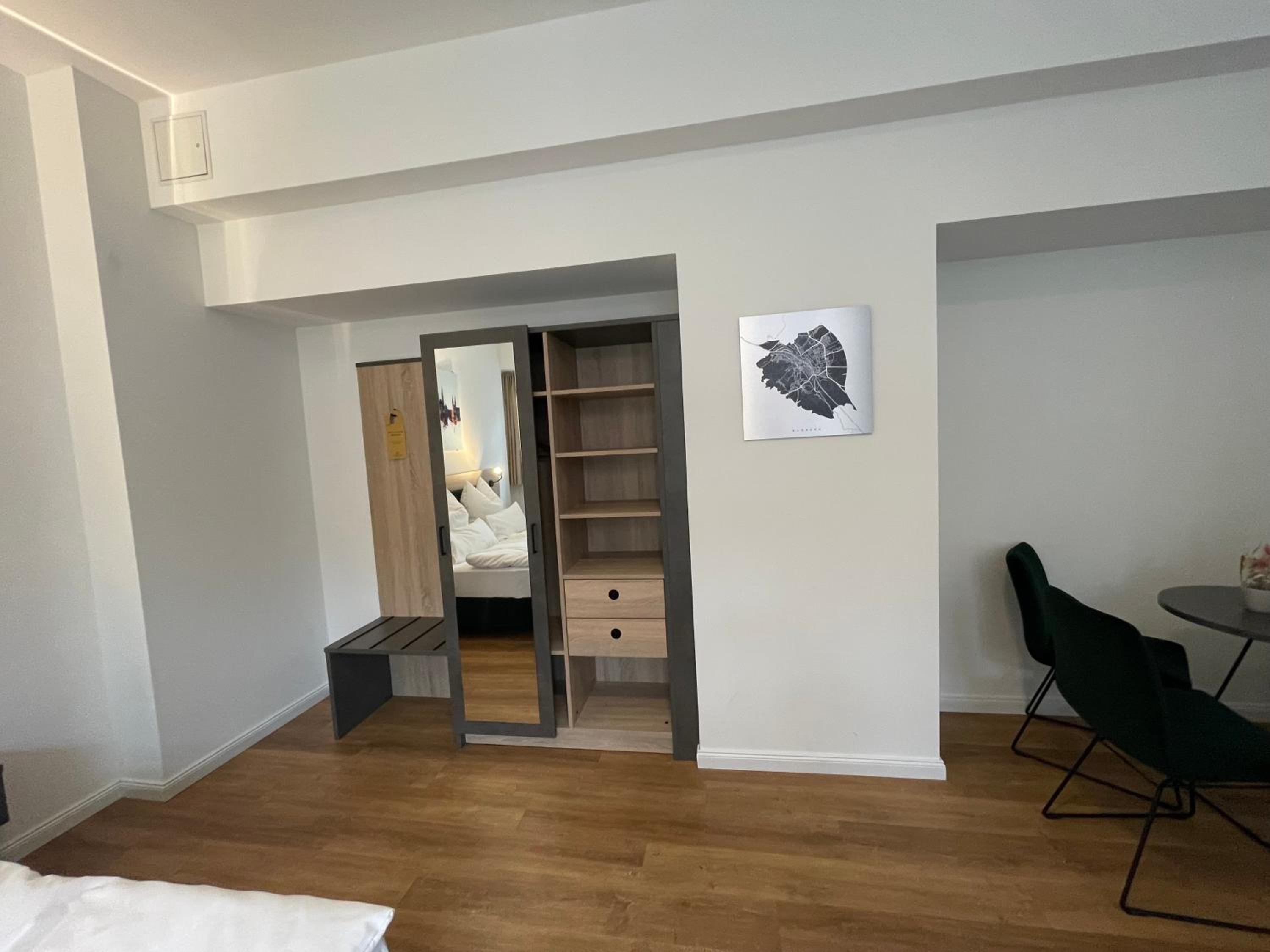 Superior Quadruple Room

* * *

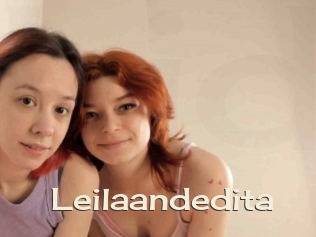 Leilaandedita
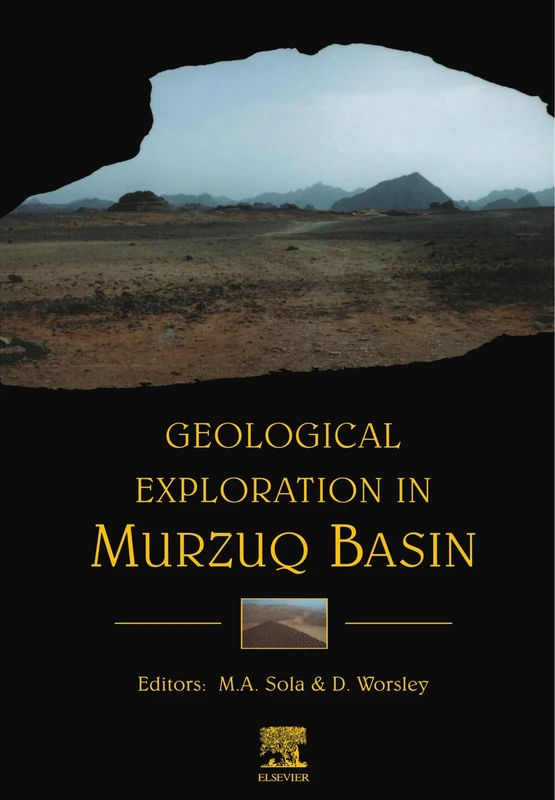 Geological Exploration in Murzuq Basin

### Assigned task
From the records above, write out exactly the lines that begin at the line with "Leilaandedita" and end at the line with "Geological Exploration in Murzuq Basin". Pictures must not appear in the output.

### Task solution
 Leilaandedita
 Geological Exploration in Murzuq Basin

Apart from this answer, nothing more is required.